Das Friedfischangeln würde ich dennoch auch gerne mal testen (nur das Ansitzen muss ich nicht ausprobieren, campen war ich mit dem größten Trachtenverein Deutschlands genug...).
Eigentlich alles was man im Fränkischen Seenland so findet (außer der Äsche).

Zu 1.:
In diesem Tröööt Rute fürs Spinnfischen(Shimano Veng. Shad,Spro Black Arc)) wurde die Shimano Vengeance erwähnt, die mit 40 € ziemlich gut in meine Preislage passen würde (60 - 80 € sind auch noch locker machbar) und zu der auch vom Gewicht und den technischen Daten die DAIWA statt der Black Arc Rolle passen würde.
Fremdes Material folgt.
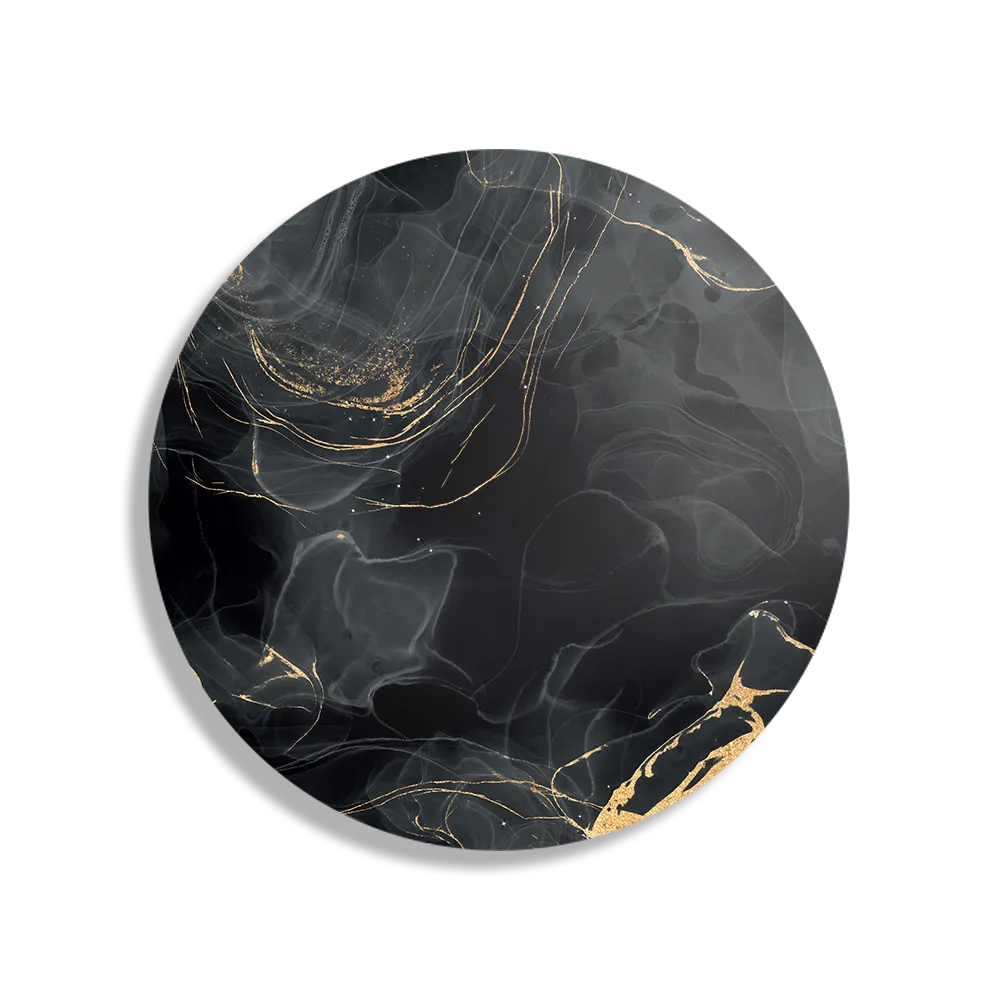 Schilderij Abstract Marmer Look Zwart met Goud 01 Rond – Muurcirkel Template TP DB Rond Marmer 8 1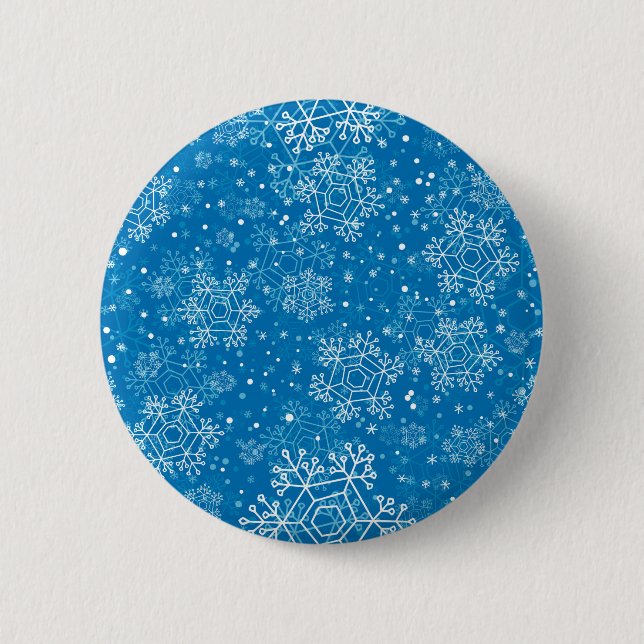 Snowflake pattern 2 inch round button (Front)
Welche anderen Ruten könntet ihr mir noch zu den Rollen bzw. meinen Zielfischen empfehlen?

Zu 2.:
Was sagt ihr zu den Rollen? Hat jemand Erfahrungen damit?
Soll ich sie gleich in irgendwelchen Kleinanzeigen verscheppern oder sind sie doch zu etwas nützlich?

Zu 3.:
Blubb blubb blubb .oO°°°

Ich hoffe ich hab euch jetzt nicht mit dem Text überfahren und hoffe auf zahlreiche Antworten (ihr dürft mir auch gerne Sachen wie "Du D*pp gehst ohne Ahnung zu FP, sagst du brauchst ne billige Rolle, lässt dir ne teure Multifile aufschwatzen, nimmst noch ne 8 € Köderbox mit, die nix taugt, nur um an die kostenlose Rolle zu kommen, mit der du eh nix anfangen kannst und nun willste von uns auch noch Hilfe haben!" an den Kopf werfen, mein Spieß hat mir ganz andere Sachen erzählt :vik

Vielen Dank im Voraus und gute Nacht!

Grüße

Brenda


----------



## Pike-Hunter1994 (27. Dezember 2013)

*AW: Geräte-/Kauftipps*

Ich würde dir als Rute ne Abu Vendetta in 2,40 m mit 10-30 gr Wg empfehlen (50 €)...dazu ne 2500er Shimano Catana (40 €)...13er geflochtene PowerPro in rot (200m für 25 €)...
Nutze diese Kombo zum Fischen auf Bachforelle, Zander, Rapfen Döbel, Barsch und auch mal zum leichten Hechtangeln...optisch ne schicke Kombo zum erträglichen Preis, die auch in der Praxis einen guten Job macht #h


----------



## lsski (27. Dezember 2013)

*AW: Geräte-/Kauftipps*

Jo und zum Friedfischangeln eine Heavy-Feederrute mit Freilaufrolle.
Mit der du auf alles Ansitzen kannst was nicht Schwerer ist wie 20 kg

Moment :
Jenzi hat da eine Wirklich super Rute im Programm 
Ich habe 2 davon und fische die seit Jahren auch habe ich noch viele andere aber.. die Qualität ist für den Preis der hammer .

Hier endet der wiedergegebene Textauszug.